# What the exercise asks
The whole listing below should be printed again exactly, with no images.

--- Available data ---

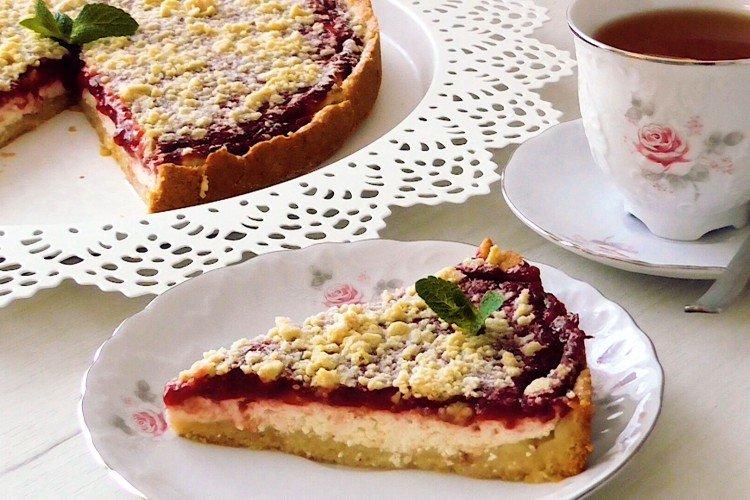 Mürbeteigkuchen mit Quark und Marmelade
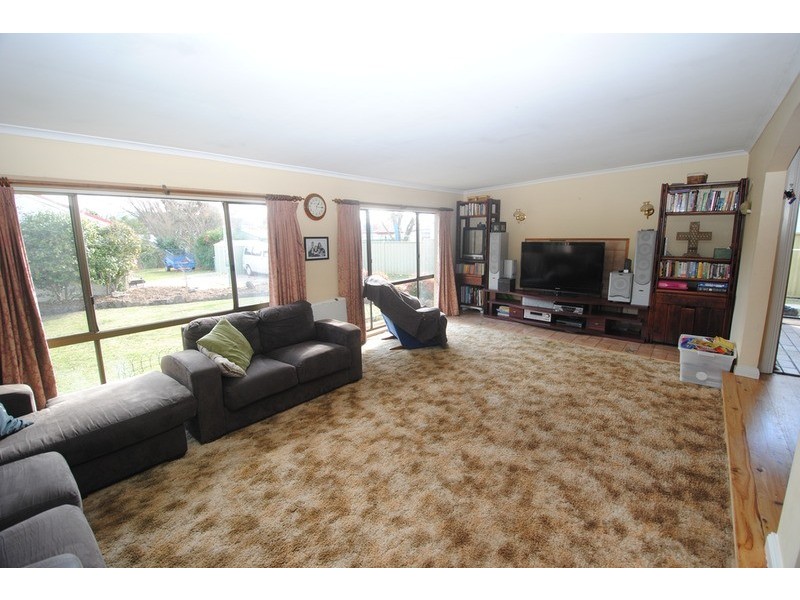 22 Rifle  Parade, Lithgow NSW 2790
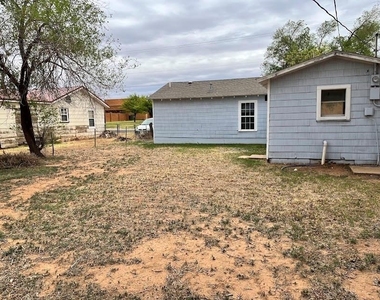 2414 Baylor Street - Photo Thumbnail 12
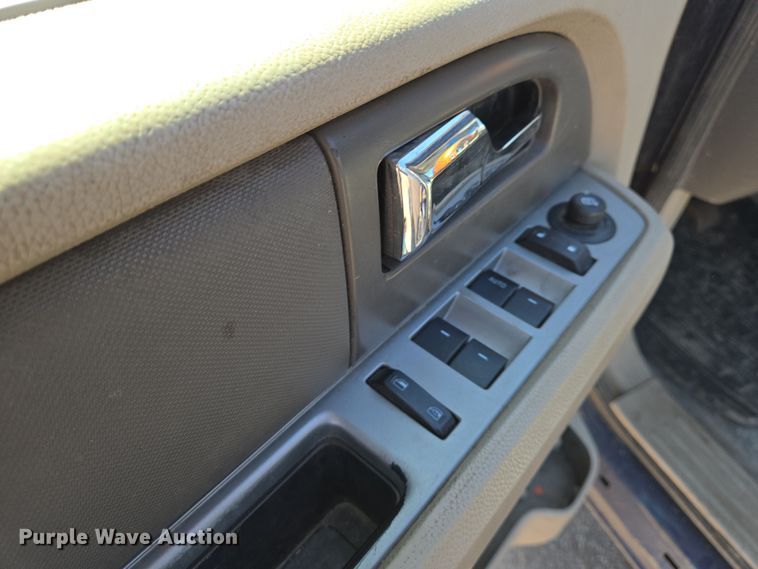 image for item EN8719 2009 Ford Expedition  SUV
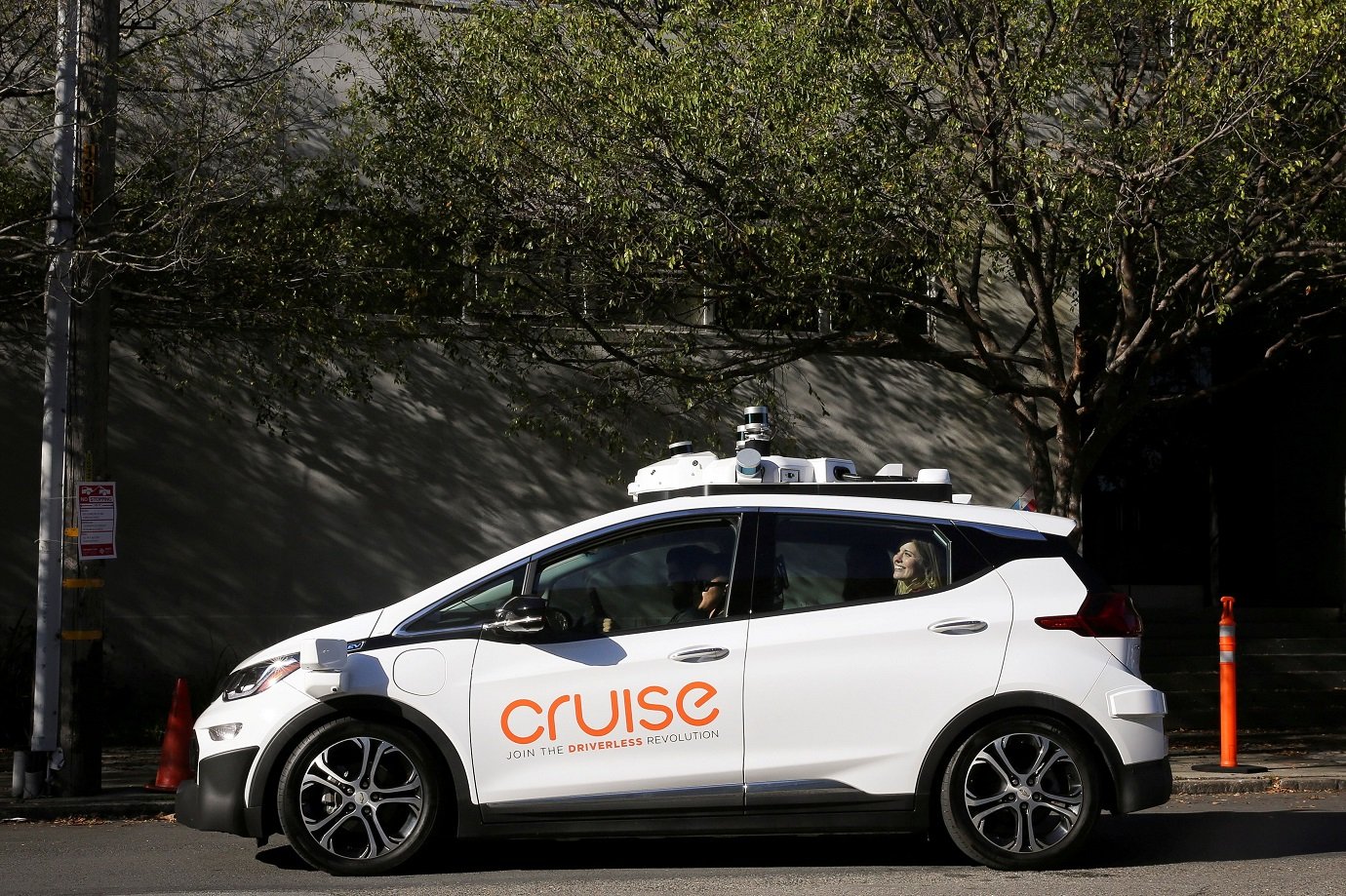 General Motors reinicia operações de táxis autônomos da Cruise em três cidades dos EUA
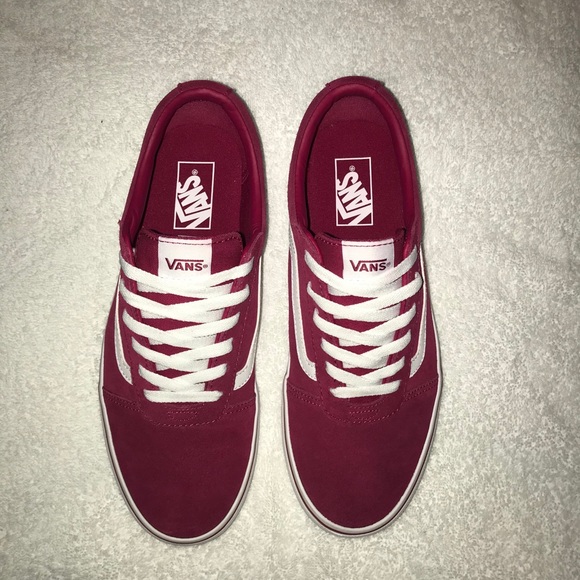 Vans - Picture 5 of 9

---

# Output of the exercise
 Mürbeteigkuchen mit Quark und Marmelade
 22 Rifle  Parade, Lithgow NSW 2790
 2414 Baylor Street - Photo Thumbnail 12
 image for item EN8719 2009 Ford Expedition  SUV
 General Motors reinicia operações de táxis autônomos da Cruise em três cidades dos EUA
 Vans - Picture 5 of 9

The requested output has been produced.